- Activity
Would you retype the listing word for word, skipping its pictures?

- Dataset section
================
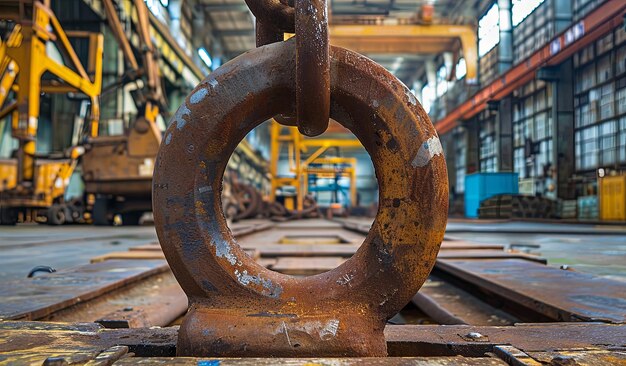 Foto anillo de elevación metálico oxidado en un almacén industrial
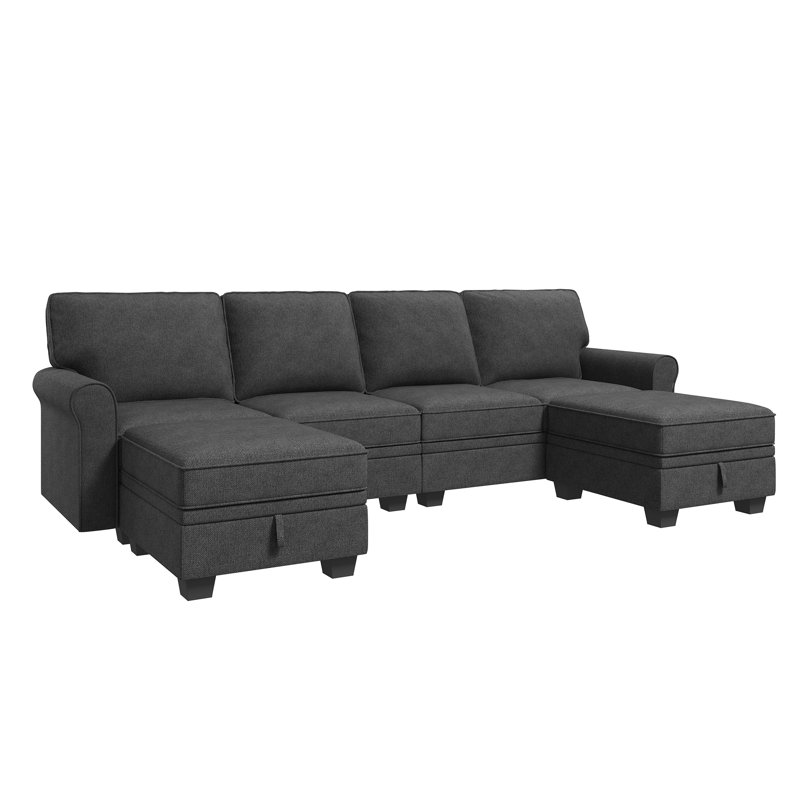 U-shaped Sectional Reversible Storage Sectional Sofa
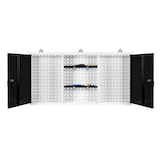 thumbnail of Helloshop26 - Armário de ferramentas de parede cinza prateleira de ferramentas de armazenamento de oficina 120 cm branco preto 16_0002549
================
- Finished exercise
 Foto anillo de elevación metálico oxidado en un almacén industrial
 U-shaped Sectional Reversible Storage Sectional Sofa
 thumbnail of Helloshop26 - Armário de ferramentas de parede cinza prateleira de ferramentas de armazenamento de oficina 120 cm branco preto 16_0002549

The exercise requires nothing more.